Year: 1989
Make: Volvo
Model: 740
Engine Size: 2.3
Refrigerant Type: R-134a
Country of Origin: United States
1989 Volvo 740
Just retrofitted R-12 system w/ R-134 w/
New Sanden 709 Compressor
New Refrigerant Hoses
New Nissen Condenser
New Accumulator (receiver/Drier)
New Variable Orifice
New R-134 adjustable low pressure switch
All New O-Rings
Replaced pre-charged Mineral Oil supplied in compressor w/ Ester Oil
Wired a relay to run the OEM pusher cooling fan anytime A/C clutch is engaged (especially for Phoenix Summertime use-may disconnect when ambient temps drop below 80 deg F).
Car has engine driven mechanical fan behind radiator, and OEM pusher was temp controlled back-up only previously).
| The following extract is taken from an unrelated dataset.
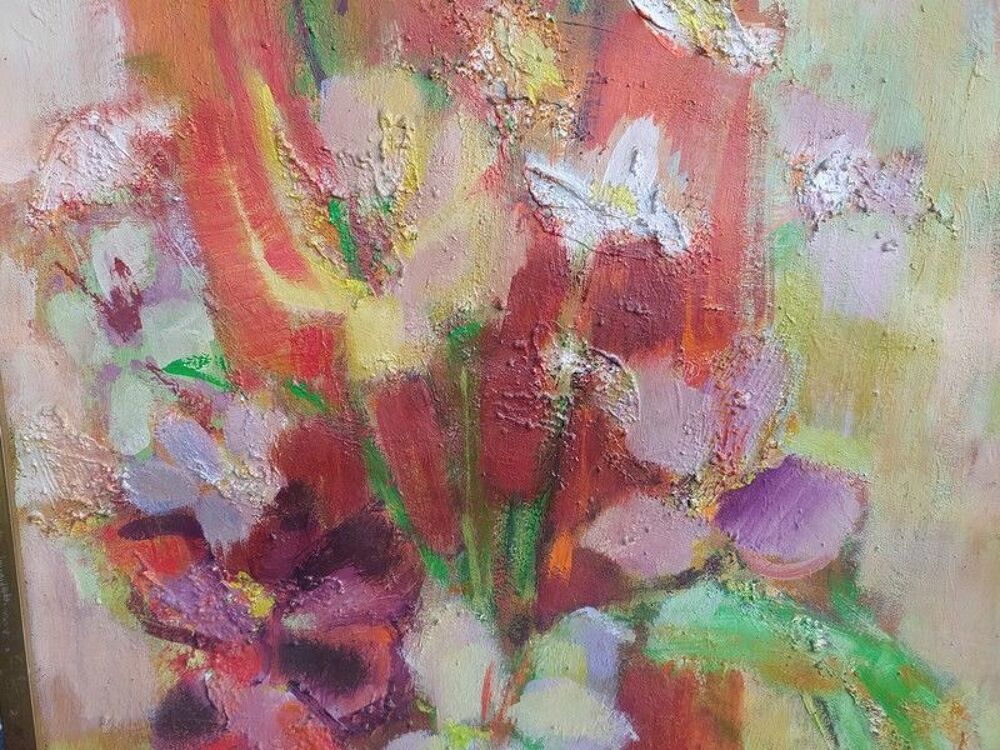 Tableau Bouquet de Fleurs Peinture &agrave; l'Huile Sign&eacute; Vincent Décoration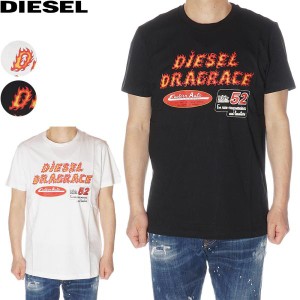 ディーゼル DIESEL Tシャツ 半袖 メンズ ホワイト ブラック A03842 0HAYU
System does NOT have High Side Service Port (Never Did From Factory), but I installed a High Side Port on the Shraeder fitting on the back of the compressor for testing purposes (being at the compressor, I am sure it is oil soaked and will have gross pulsations when system is running).
Can pull full vacuum (29+" on gauge) and will hold for hours, but not overnight when connected to the Low Side port only.
1) How does one set up and evaluate a system w/o a High Side port between the condenser and the orifice valve?
2) Is it advisable to install refrigerant in a system that leaked down over a 12hr period (I plan to add 1-can Leak Stop and Dye, then 80% of the R-12 Fill Capacity of R-134a.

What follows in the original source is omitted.